USRC »
Data Release - LA-UR-19-28211

Data Release - LA-UR-19-28211

Memory statistics from open clusters late 2018 to early 2019.

Description

This outlines a collection of data released by LANL under LA-UR-19-28211 and available below. This data is memory usage data from three open clusters from late 2018 through early 2019.

Citation

The following datasets were released in conjunction with the following paper:

Gagandeep Panwar, Da Zhang, Yihan Pang, Mai Dahshan, Nathan DeBardeleben, Binoy Ravindran, and Xun Jian. 2019. Quantifying Memory Underutilization in HPC Systems and Using it to Improve Performance via Architecture Support. In Proceedings of the 52nd Annual IEEE/ACM International Symposium on Microarchitecture (MICRO '52). ACM, New York, NY, USA, 821-835. DOI: https://doi.org/10.1145/3352460.3358267 (ACM Digital Library)

Overview

This entire collection of data has been released openly with the identifier LA-UR-19-28211. The data consists of 87.4GBs of (uncompressed) 19,678 JSON files. These JSON files contain memory usage statistics from three compute clusters at LANL: grizzly, badger, and snow.
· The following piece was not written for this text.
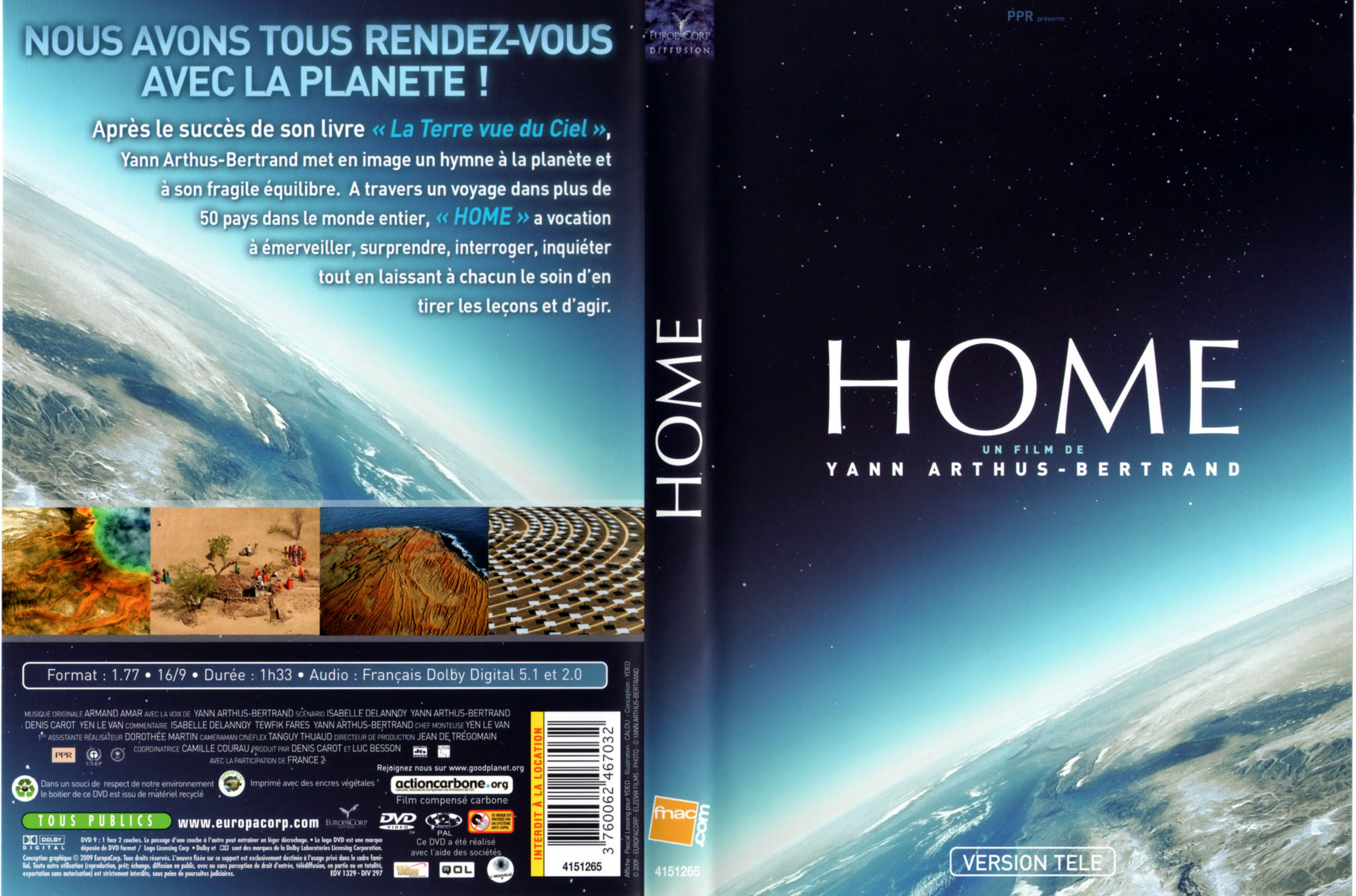 Jaquette DVD Home (Version tl)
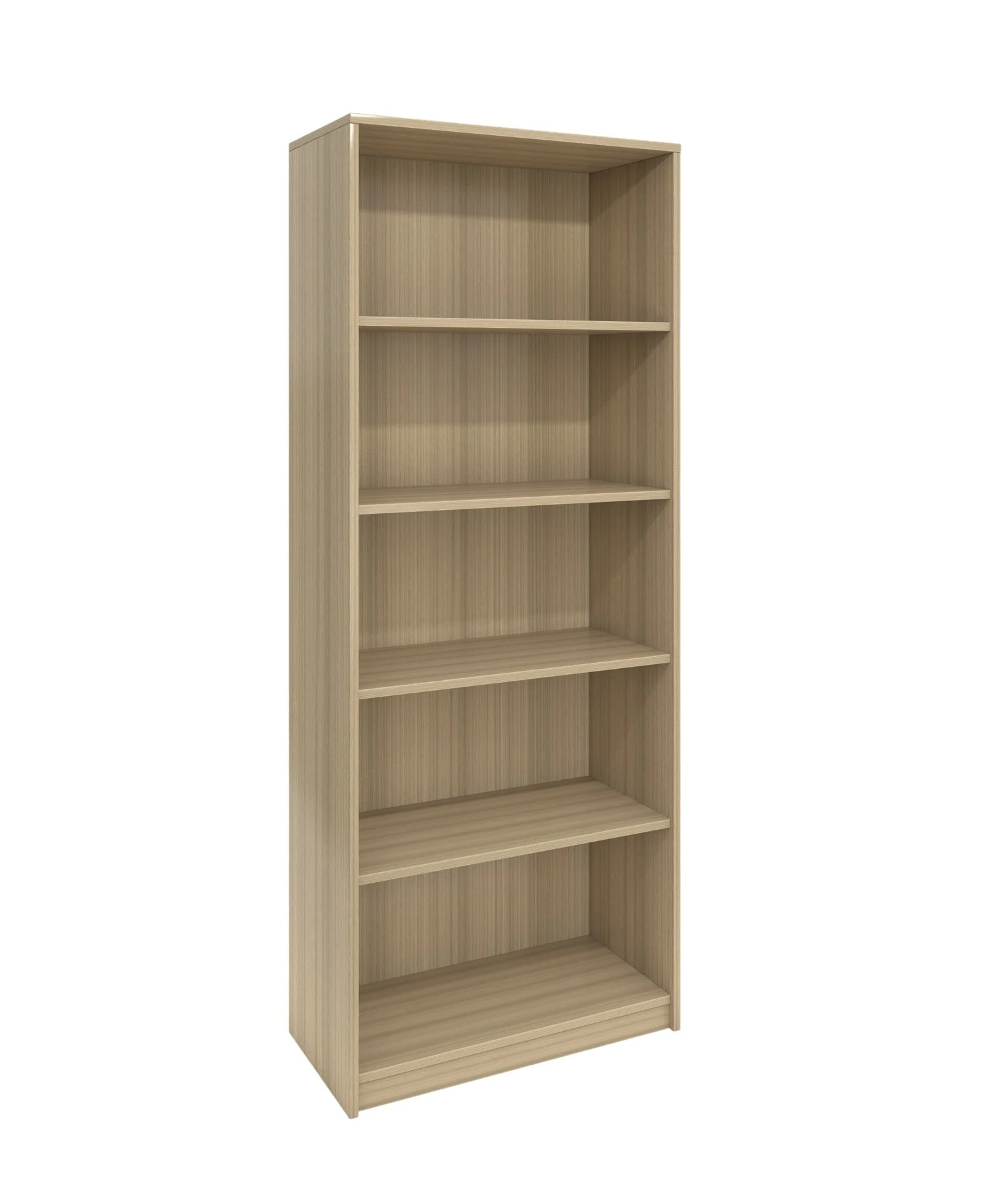 Bookcase RFG RS6 Milano, 800 х 400 х 2000 mm, chipboard 18 mm, light oak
The data is relatively fine-grained (every 10 seconds, where records exist) for every node from each cluster, and identifies which job ID (numerical) used that memory. Since the job IDs are unique, one can see the parallel jobs running between multiple nodes. For instance, job ID 123 running on nodes 100, 101, and 102 will have separate memory utilization records for all three nodes for the time it was running.
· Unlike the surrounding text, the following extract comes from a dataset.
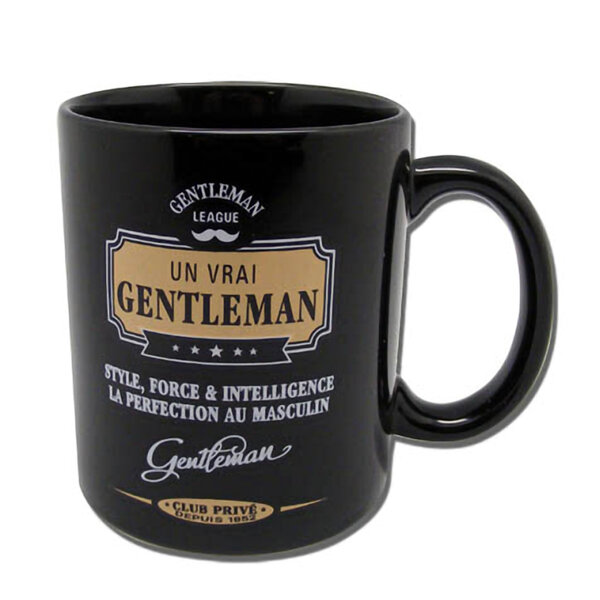 Tasse en céramique gentleman à l'unité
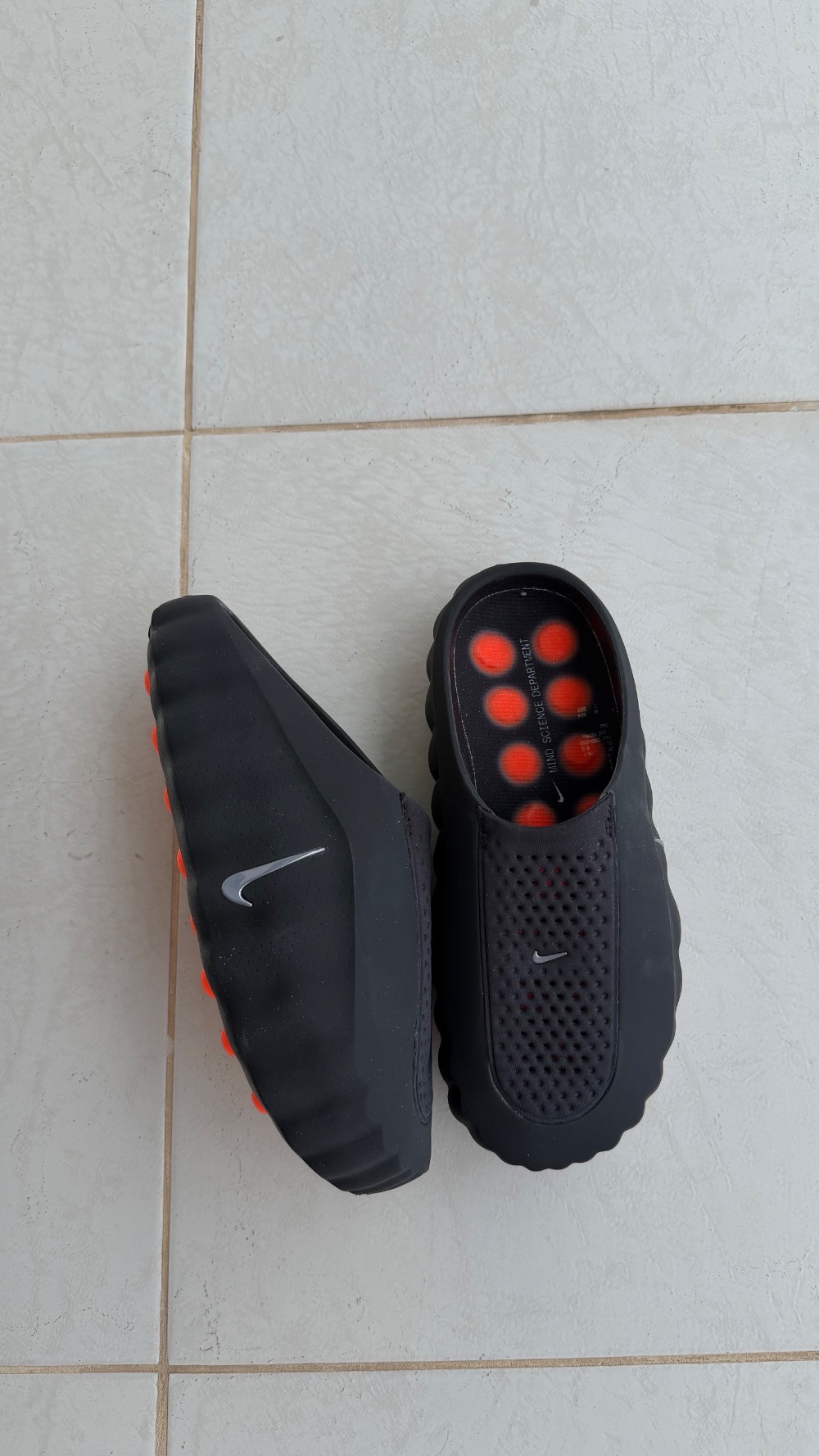 Nike Mind 001 Slide Black Chrome — 39.5, Novo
Each archive has a detailed README which explains the data format and the cluster sizes, memory system sizes, etc. A brief sample of some trivial analysis from this data is at the bottom of the page. For a more detailed analysis, we encourage you to see the paper referenced above.

Data

dataset table with links, date ranges, and sizes
Cluster Name	Date Range	file size (compressed)	file size (uncompressed)	# of files	Link
Grizzly (dataset 0)	11/1/18 - 11/27/18	1.6 GB	12 GB	1295	grizzly0
Grizzly (dataset 1)	12/1/18 - 12/22/18	1.3 GB	10 GB	999	grizzly1
Grizzly (dataset 2)	12/22/18 - 1/11/19	1.0 GB	8.2 GB	1001	grizzly2
Grizzly (dataset 3)	1/12/19 - 2/5/19	1.3 GB	9.7 GB	1201	grizzly3
Grizzly (dataset 4)	2/5/19 - 2/22/19	799 MB	6.1 GB	801	grizzly4
Grizzly (dataset 5)	2/22/19 - 3/18/19	927 MB	7.4 GB	1167	grizzly5
Badger	11/1/18 - 3/18/19	2.1 GB	17 GB	6607	badger
Snow	11/1/18 - 3/18/19	2.4 GB	17 GB	6607	snow

Samples

The following images are intended to give simple snapshots of the raw data. They are not a scientific analysis but may be useful to give a reader an idea what the data holds.

Hosts

Here we simply look at hostnames reporting data. This may be indicative of utilization of these hosts. When combined with job and time information (in the dataset, but not shown here), more interesting and advanced analytics could be performed. This first plot is from the grizzly0 dataset and we see most hosts reporting about the same number of records.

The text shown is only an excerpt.